Features

chemprop.features contains functions for featurizing molecules. This includes both atom/bond features used in message passing and additional molecule-level features appended after message passing.

Featurization

Classes and functions from chemprop.features.featurization.py. Featurization specifically includes computation of the atom and bond features used in message passing.

class chemprop.features.featurization.BatchMolGraph(mol_graphs: List[chemprop.features.featurization.MolGraph])[source]

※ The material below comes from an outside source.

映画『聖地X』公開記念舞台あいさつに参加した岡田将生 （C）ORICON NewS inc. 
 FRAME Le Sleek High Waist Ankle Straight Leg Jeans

A BatchMolGraph represents the graph structure and featurization of a batch of molecules.

A BatchMolGraph contains the attributes of a MolGraph plus:

  • atom_fdim: The dimensionality of the atom feature vector.

  • bond_fdim: The dimensionality of the bond feature vector (technically the combined atom/bond features).

  • a_scope: A list of tuples indicating the start and end atom indices for each molecule.

  • b_scope: A list of tuples indicating the start and end bond indices for each molecule.

  • max_num_bonds: The maximum number of bonds neighboring an atom in this batch.

  • b2b: (Optional) A mapping from a bond index to incoming bond indices.

  • a2a: (Optional): A mapping from an atom index to neighboring atom indices.

Parameters

mol_graphs – A list of MolGraphs from which to construct the BatchMolGraph.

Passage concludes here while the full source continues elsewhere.